My question is specially for subjects such as biology, chemistry, history etc. NOT the math.
Post edited by am9799 on

Replies to: Do your HS classes always align with SATII topics?

  • halcyonheatherhalcyonheather Registered User Posts: 8,987 Senior Member
    No, they don't.
    For example, my high school divides chemistry into Chem I and Chem II. Chem I basically just teaches atomic structure and the periodic table, but the College Board says you just need one year of chemistry to do well on the test. Some of the stuff on the chemistry test I didn't learn until AP Chem.
  • am9799am9799 Registered User Posts: 936 Member
    Would you say that this has to do with the "quality" of the high school? For example a "good" high school with a good teacher will make sure you are fully prepared?
    Or sometimes they will be SATII topics not covered in class independently of the rigor and quality of the school?
    Do you believe that an A in your honors class but not a great SATII score automatically shows that your class was not rigorous or "worthy" ?
    Just wondering.
  • LoveArtForeverLoveArtForever Registered User Posts: 1,134 Senior Member
    I'm wondering the same thing. I took AP US History and I felt like I learned a lot, but I'm pretty sure I bombed the SAT 2. I did well in the class though, so I hope my bad score won't discredit all my grades... My school is viewed as a good quality school, but I don't think that being "good quality" means that you just teach for the test. It means that you teach for the learning of it, and not necessarily the exact same topics. Personally I felt like the SAT 2 was kind of a bunch of random facts. I mean, it was relevant, but not necessarily the same things that my class stressed. I hope that my score doesn't reflect poorly on the class, but idk. I should've done more prep instead of assuming I'd be prepared from taking AP.
  • sharkersharker Registered User Posts: 472 Member
    Simple answer... No. Even if you go to the best high school in the country, I HIGHLY doubt that your class can teach you every single topic covered on the test because frankly, SAT subject tests can ask some really obscure questions. However, a good class can teach you how to infer and help you eliminate answer choices, an extremely helpful skill on all of the tests you mentioned.
  • HarrovianHarrovian Registered User Posts: 555 Member
    Oh god no. I'm attending probably the best state school in a 100 mile radius and I took Chemistry with an amazing teacher.

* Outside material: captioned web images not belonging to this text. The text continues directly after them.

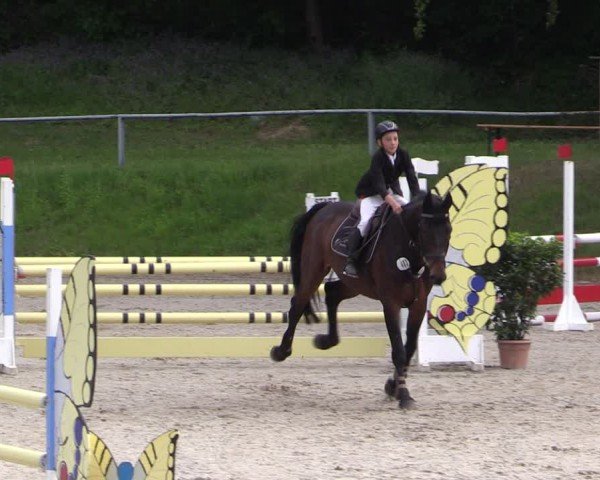 Reitturnier Lgl.-Oberhain, B95 2024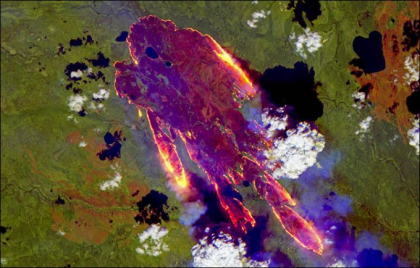 Situatie dezastruoasa in Rusia. 230 de incendii, sub forma unei pasari de foc Situatie dezastruoasa in Rusia. 230 de incendii, sub forma unei pasari de foc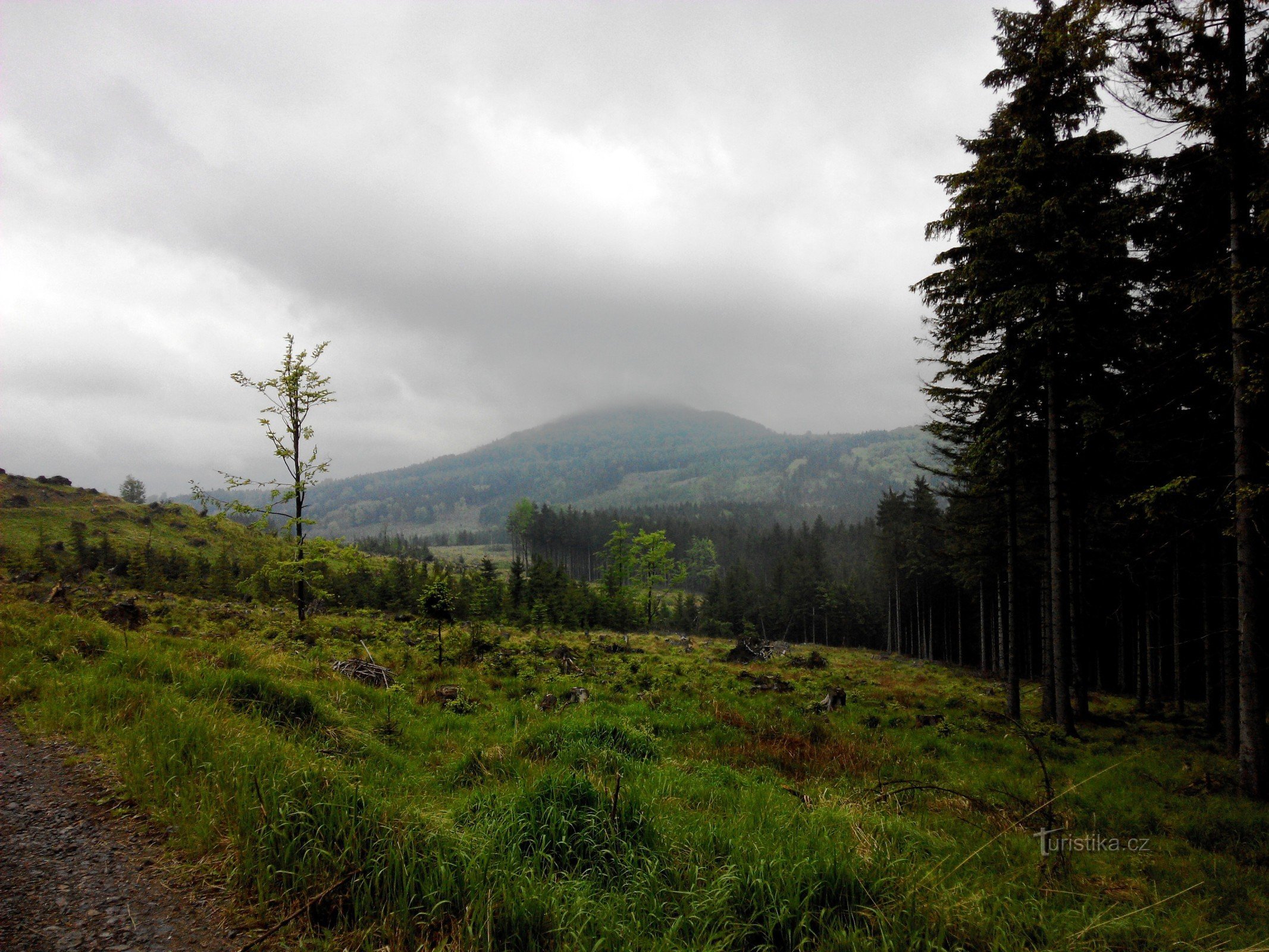 Montagne de sapins dans les nuages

There is loads that we covered but SAT doesn't and there's loads that the SAT covered but we didn't.
  • satman1111satman1111 Registered User Posts: 991 Member
    most of the stuff on the SAT subject tests should be covered in the corresponding AP courses, but I know that all of it is not. I know that if you take an AP physics course, you would still need to study a lot of topics that are not taught, like those for Electricity and Magnetism, Mechanics, etc. I know for bio too that all the material isn't covered. The ap sylibus was changed to not cover a lot of plants, but you need to know those for SAT. If you take a history AP course, you should be pretty prepared for the SAT test, but the SAT puts more emphasis on the earlier and later periods of history than the AP test does, so that may have to be studied more. I'm not sure about chem. though.
  • HarrovianHarrovian Registered User Posts: 555 Member
    They're also in the process of revamping the AP exams and that will bring them even further away from the Subejcts.
  • samcmanussamcmanus Registered User Posts: 46 Junior Member
    I think it depends on both the class and the school. For example, I took SAT II Chemistry, which not every school has. As one might imagine, that prepared me rather well for the subject test. (Although I did not take it.) On the other hand, I took US History right before the AP. While I knew much of the correlation, I wasn't as used to the questions, because in class we get AP questions on tests, opposed to the SAT II questions I used to get in SAT II Chem. So while I knew all the information, I had to get used to the angle that the questions were posed for American History
  • rhandcorhandco Registered User Posts: 4,292 Senior Member
    AP subject courses do strive to match whatever the current format of the AP exam is. For example, my son's AP Bio class did the last dissection this year. They are not including dissection at all in the future due to the AP Bio format change.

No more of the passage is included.